The great lesson learned from the last time the hard left was ascendant in the late 1970s and early 1980s was that to beat them, you had to become like them. In her book Fightback! Dianne Hayter describes the epiphany of the ‘traditional right’, grouped around Solidarity and the ‘St Ermin’s group’ of trade unionists, that if the mainstream moderates were ever to rescue the party, they needed to organise with as much dedication as the Campaign for Labour Party Democracy or Militant.
Neil Kinnock understood this, and ensured he had a majority on Labour’s National Executive Committee (at times of one or two), that he had a majority at conference, and that he controlled the party’s policymaking machinery through the policy review, and then the National Policy Forum (which began after his defeat in 1992).
But organisation is never enough. The hard left’s attempts to delegitimise Labour moderates will work if Labour moderates have no valid politics. The Labour ‘right’ (always a problematic label) has an intellectual tradition in the Labour party as solid as any other part of the party.
I am happy to recognise Corbyn’s brand of politics as a legitimate strand of the Labour party. He stands in a tradition of George Lansbury and the Poplar Revolt, of the pacifists who opposed the world wars, of the nuclear disarmers and peace campaigners of the 1950s, of the post-1968 generation of anti-Vietnam, anti-LBJ protestors. That is why bandying ‘Trot’ around to describe the hard left is counterproductive, inside or outside the Labour party, as it blurs the line between the hard left and actual real-life Trots who belong to other parties.
The corollary must be that Corbynistas recognise that we have a place too. Ours is the tradition of Beatrice Webb, RH Tawney, Evan Durbin, Ernie Bevin, Hugh Gaitskell, Denis Healey and Tony Crosland.
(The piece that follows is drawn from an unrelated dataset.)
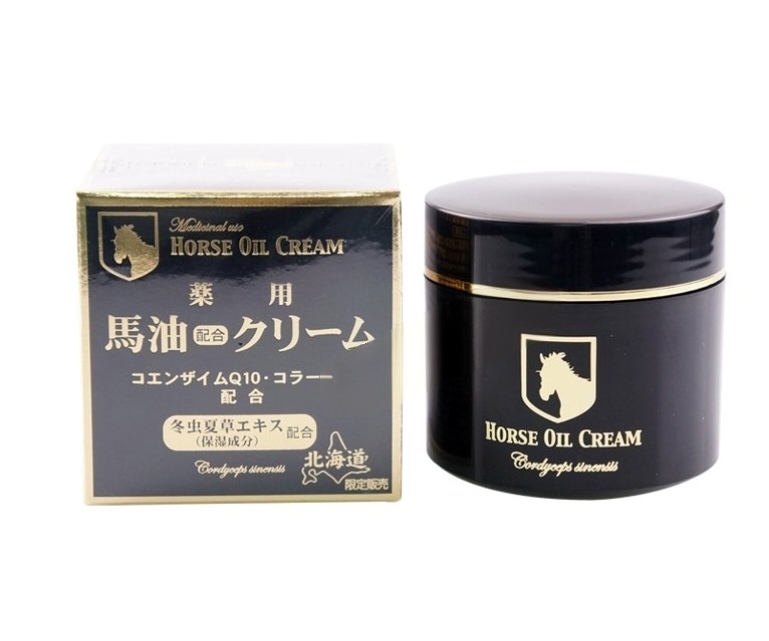 北海道藥用冬蟲夏草馬油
It is the tradition of the Fabians, like Leonard Woolf and Sidney Webb. The 1918 version of Clause IV, written by Sidney Webb, was deliberately crafted to beat off the hard left. It left the specific means of achieving ‘common ownership’ vague, to deny the Guild Socialists and others their chance to prescribe their own chosen method.
Our tradition is fiercely loyal to the Labour party as the engine of change in society. We are the political descendants of those who stayed true to the Labour party when the Gang of Four led the Social Democratic party into the wilderness. We reject any notion, whether it comes from Shirley Williams, George Galloway, David Owen or Ken Loach, that a breakaway party can refashion politics.
We proudly belong to trade unions, no matter how objectionable we find their leaders. We are broadly, although not exclusively, in favour of the United Kingdom, of greater engagement in Europe, of Britain staying as a nuclear power (thanks Clem!), of a mixed economy between private, public, co-operative and voluntary organisations, of military action when necessary, of full employment, equality, personal liberty and social justice.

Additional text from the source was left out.